The author of Galatians makes it quite clear to us that if we continue in transgression of the law, we "build again" upon the foundation of sin which was destroyed, we are saying that Messiah is the administer of sin!

Galatians 2: 17-18
"17 But if, while we seek to be justified by Messiah, we ourselves also are found sinners, therefore Messiah is the minister of sin? God forbid.
18 for if I build again the things which were destroyed (sin), I make myself a transgressor.."


I'll go one step further here and say that if they have made Jesus the "administer" of sin, then all who teach this perversion are now become the "ministers" of sin, themselves.

The world has taken the words of Galatians which tell us that we can only obey the law through the power of love, the power of the Spirit, and not through our own vain efforts, and made it to say that we can never obey the law! Now, if you tell any religious person that it is possible to obey the law through the power of the spirit, they will accuse you of trying to justify yourself by the law.

Ridiculous!

We are not justified by the law, we are justified by the work of the cross, for it is the cross that delivered to us the power of the spirit, and it is the power of the spirit that makes us into a new sinless creature! Thus, we are not actually following the law, but rather, the good works of the law are following after our faith! Religion has turned the entire message of Yahshua upside down in this way.

Servants of Sin

Many religions seek to twist the subject of Grace in such a way that they make you once again a servant of sin, after Messiah Yahshua has set you free from the law of sin and death. In so doing, they re-define salvation, and completely eliminate the role of righteousness and obedience from the salvation message. They like to quote Romans, where it says of salvation: "if by works than grace is no more grace." (Romans 11: 5-6)

This can be confusing, understandably, because, "grace is no longer grace if I'm required to work for the reward." Simply put, it's no longer a "free gift" if I have to "earn it." Which is very sound reasoning and very true. However, no one is saying that you are saved by works, for indeed the New Testament makes it very clear you can never be saved by works! The reason for this is obvious. Works without faith is no more works! Faith and works are inseparable (according to James 2:14-26).

We don't have grace because of our works of righteousness, but the other way around, we were given grace when Messiah died on the cross, and this grace came because we were sinners! Yet, our works of righteousness that we do later is because of our faith (and that faith was wrought through grace). Therefore, salvation is by grace, favor with God! It's a free gift to us, because, while we were yet sinners, God first loved us, and gave His (then at the time) only begotten Son so that we could have faith, unto good works, and so be saved! Yahshua Messiah did not die because we are good people, he died because we needed a sacrifice. Once we receive that sacrifice, the grace we receive as a result of that sacrifice brings us faith, and that faith gives birth to good works of righteousness!

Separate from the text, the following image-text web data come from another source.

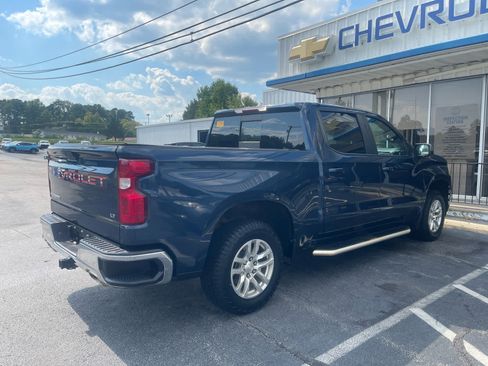 Used 2020 Chevrolet Silverado 1500 LT w/ All-Star Edition AWD/4WD image 7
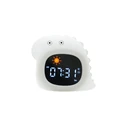 KIDDOBOO Φωτιστικό Νυκτός Ξυπνητήρι SoundGlow Dino KBJL826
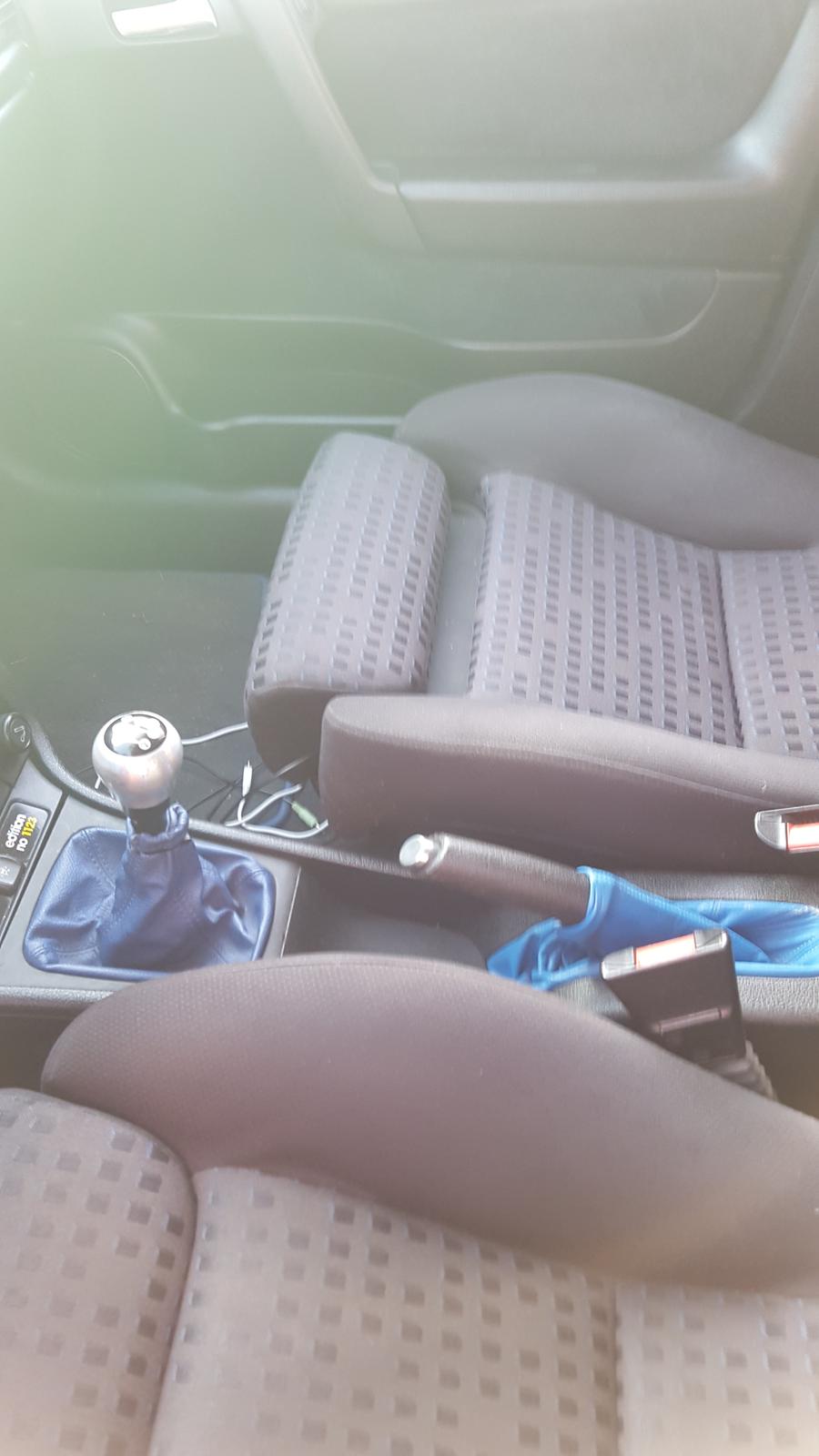 Opel astra g 2.0 16v OPC Solgt  billede 8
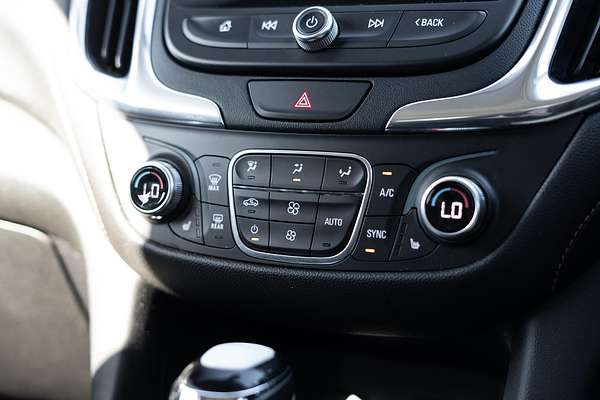 2017 Holden Equinox LTZ EQ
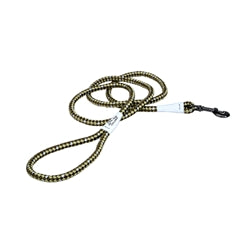 Coastal K9 Explorer 6' Rope Snap Leash Fern Green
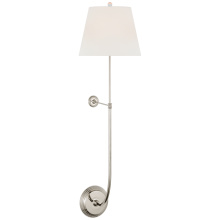 Visual Comfort & Co. Signature Collection SK 2006PN-L - Wyatt 39" Statement Sconce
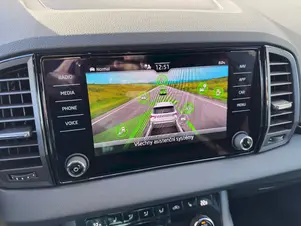 Škoda Karoq SportLine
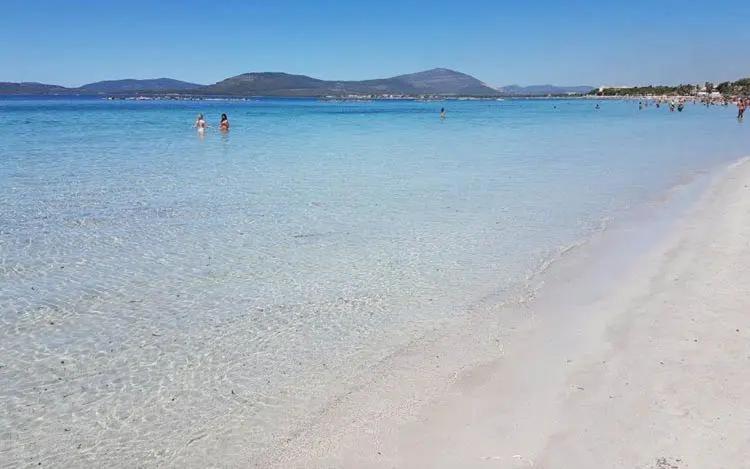 Appartamento A Pochi Passi Dalla Spiaggia Alghero Kültér fotó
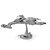 NAVES STAR TREK QUEBRA-CABEÇAS 3D METAL EARTH - Imagem 1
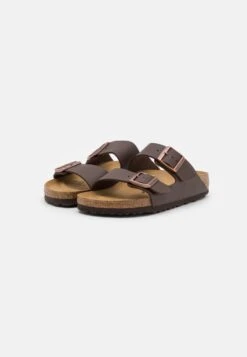 Birkenstock Arizona Narrow Fit - Muiltjes - Dunkelbraun 13 Birkenstock Arizona Narrow Fit - Muiltjes - Dunkelbraun -Birkenstock Schoen 951859e4cb8846f38f27920d2bdda9b5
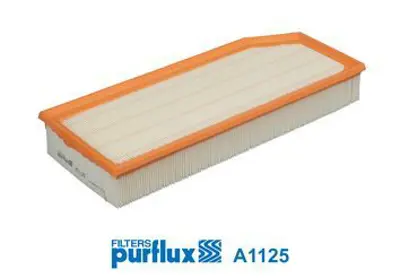 PURFLUX A1125 Hava Filitresi W203 00>07 S203 01>07 Cl203 01>04 C209 02>09 W210 99>02 S210 99>03 W163 99>05 W463 01> 6110940004, 6110940104, 6110940304, 6130940004, A6110940004, A6110940104, A6110940304, A6130940004, 6130940104, 611094010464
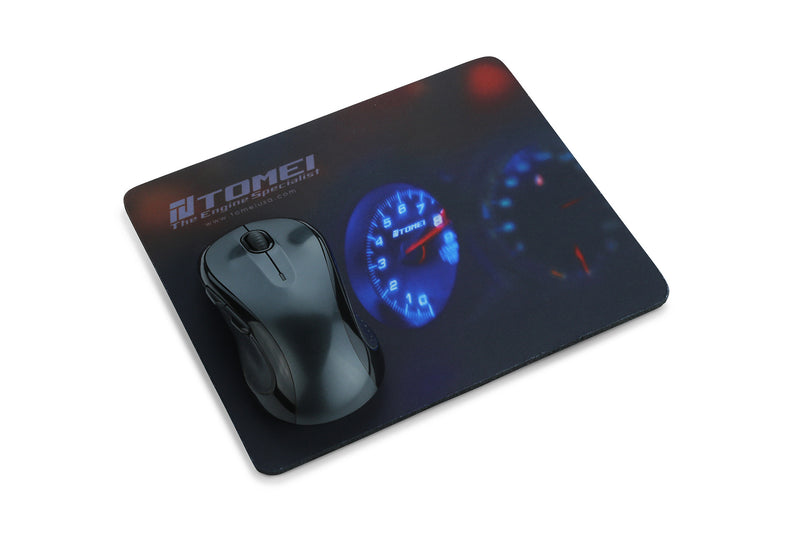 Tomei USA Mouse Pad Red Zone 220mm x 180mm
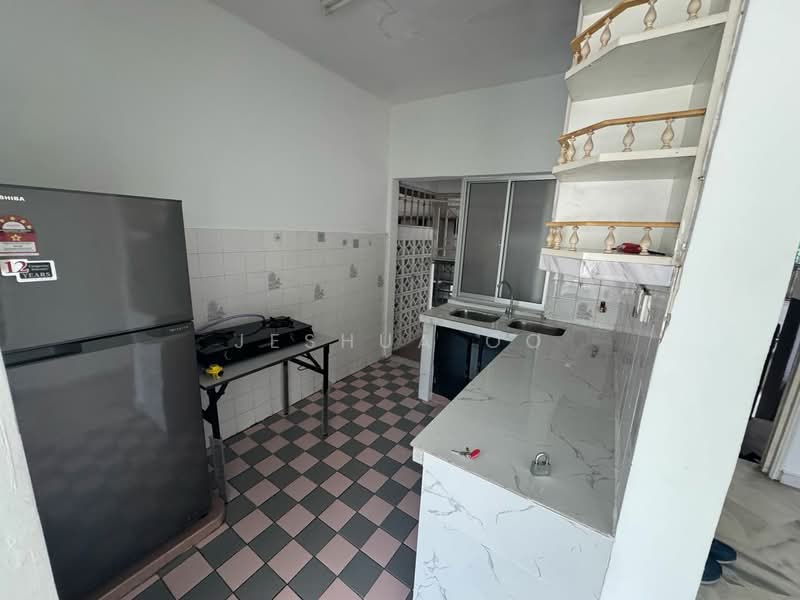 Kondominium untuk Disewa di Menara Alpha - Jeshua Oo - Kitchen - PropertyGuru.com.my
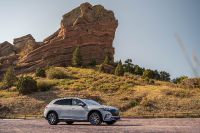 Mercedes-Benz EQS SUV (2023)
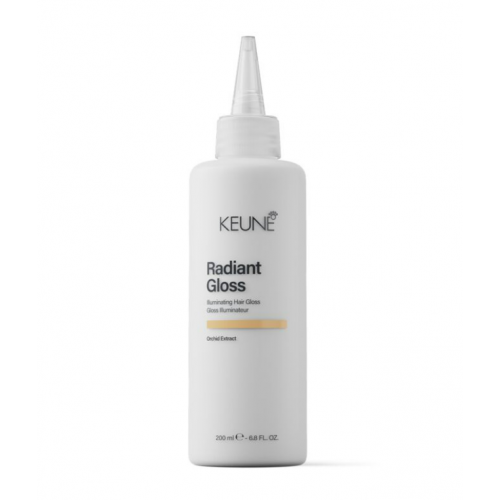Keune Radiant Gloss Illuminating Conditioner Žvilgesio suteikiantis kondicionierius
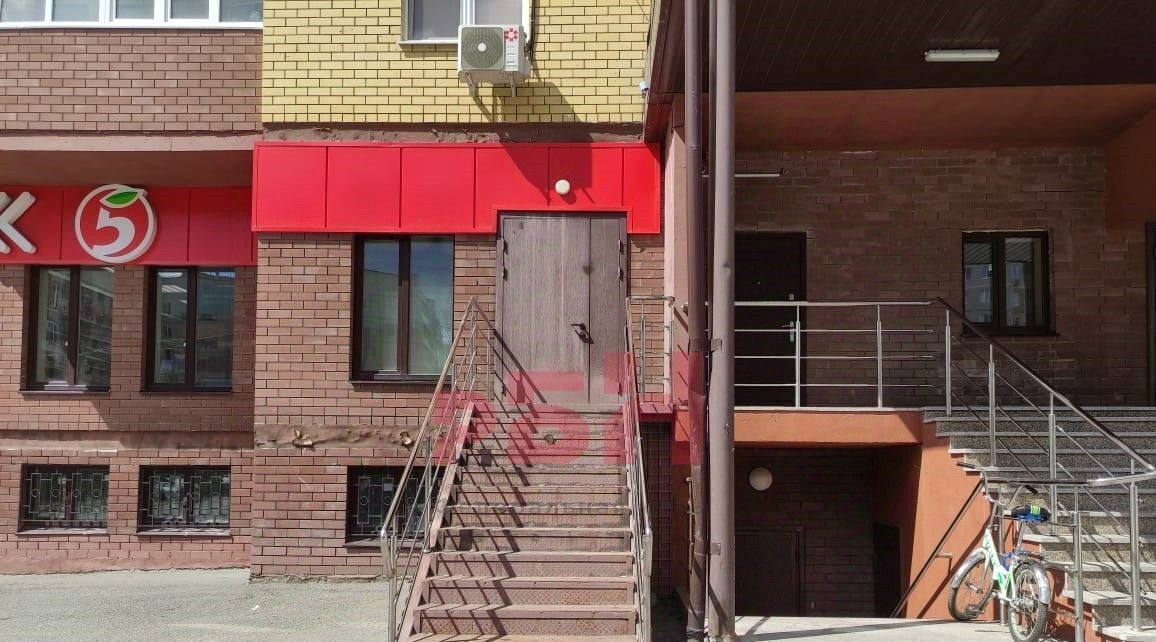 свободного назначения г Тюмень р-н Калининский ул Депутатская 110 фото 3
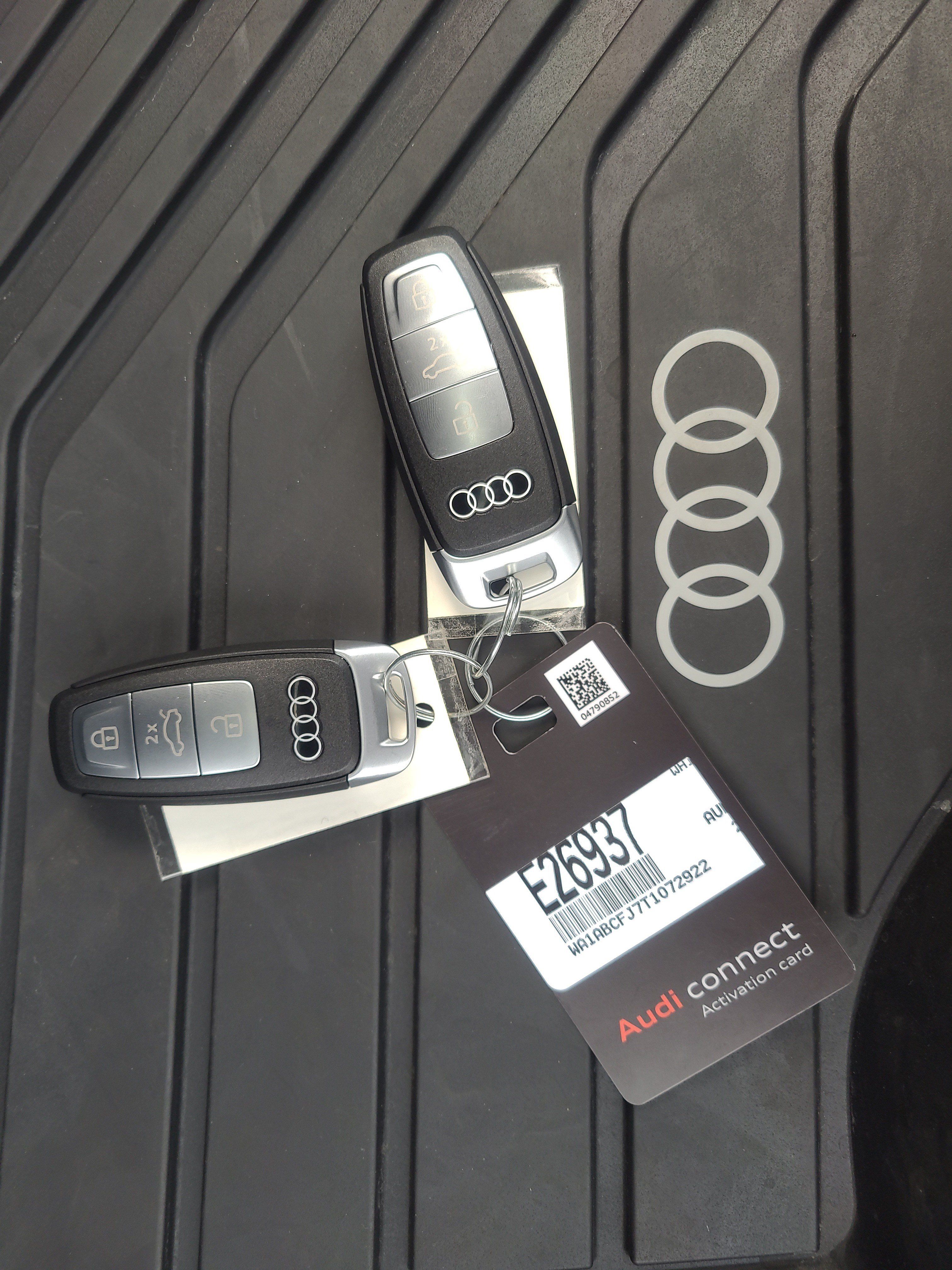 Used 2026 Audi Q3 quattro 2.0T AWD/4WD image 32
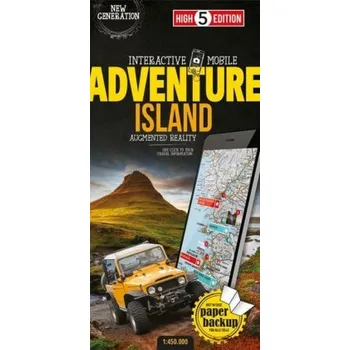 IHigh 5 Edition Interactive Mobile ADVENTUREMAP Island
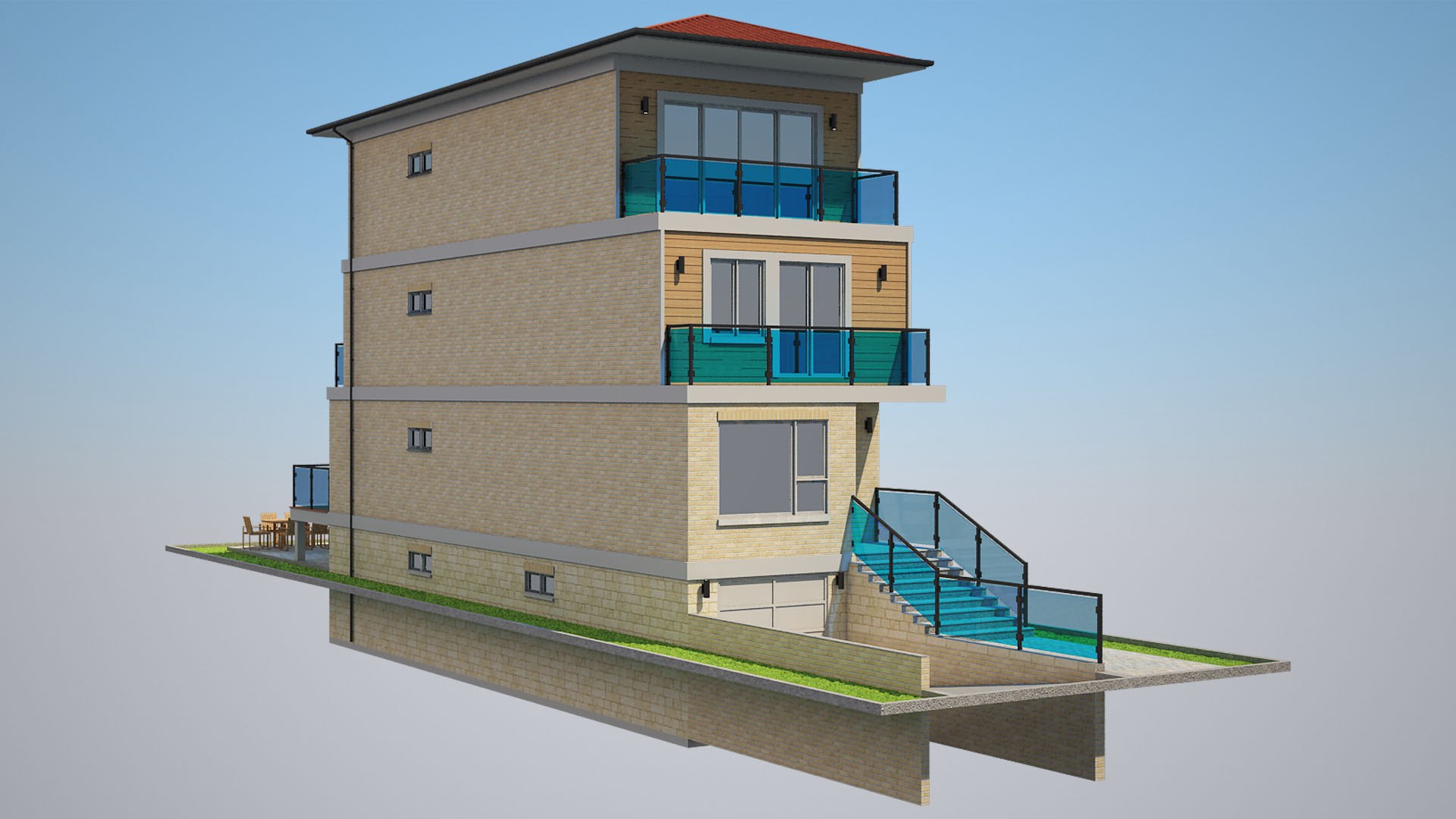 house brick garage 3D model https://p.turbosquid.com/ts-thumb/pd/sNtaJQ/q9/brickhousewthgarage1_1994/jpg/1610288579/1920x1080/fit_q87/7ed81361de8c2c0e79b0cbe6fbd68ec11aeaa522/brickhousewthgarage1_1994.jpg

It's a true saying that if we attempt to perform the law of righteousness without faith, it profits us nothing! In other words, if we don't believe we can perform the works of righteousness of the law, we won't be able to (which is exactly what these religions teach us, they teach us not to believe, and in so teaching, have created a self fulfilling prophecy). In the above scenario, our efforts to obey the law become mere gestures, and not a heart filled attempt to succeed!

Yet, grace, when it is finished, brings forth the very good works in us that we could not do before our faith was given to us! We aren't doing works of righteousness to earn our salvation, but rather, God has given us grace, so that we could have faith, so that we could do works of righteousness! The good works are a measuring stick of the reality and authenticity of our faith, and are not the catalyst for that faith or grace! It is ultimately the grace that is responsible, thus, "no man can boast" in Yahweh's presence, for we could not have done the good works had it not been for his gift! Even if we are perfect in every way (which we certainly shall be some day), Yahweh still gets the credit, and Messiah, too, for he is the "author and finisher of our faith."

What about Romans chapter 7?

Romans 7: 15-23
"15 For that which I do I can't allow: for what I want to do, that I don't do; but what I hate to do, I inevitable end up doing.
16 If then, I do that which I don't want to do, I admit the law is a good thing.
17 So then it is no more I that do it, but sin that dwells in me.
18 For I know that in me (that is, in my flesh), dwells no good thing: for the will to do good is present with me; but how to perform that which is good I cannot find out.
19 For the good that I want to do I don't do; but the evil which I don't want to do, that's what I end up doing.
20 Now if I do what I don't want to do, it is no more I doing it, but the sin that dwells within me.
21 I find then a law, that, when I want to do good, evil is present with me.
22 For I delight in the law of God after the inward man:.
23 But I see another law in my members, warring against the law of my mind, and bringing me into captivity to the law of sin which is in my members."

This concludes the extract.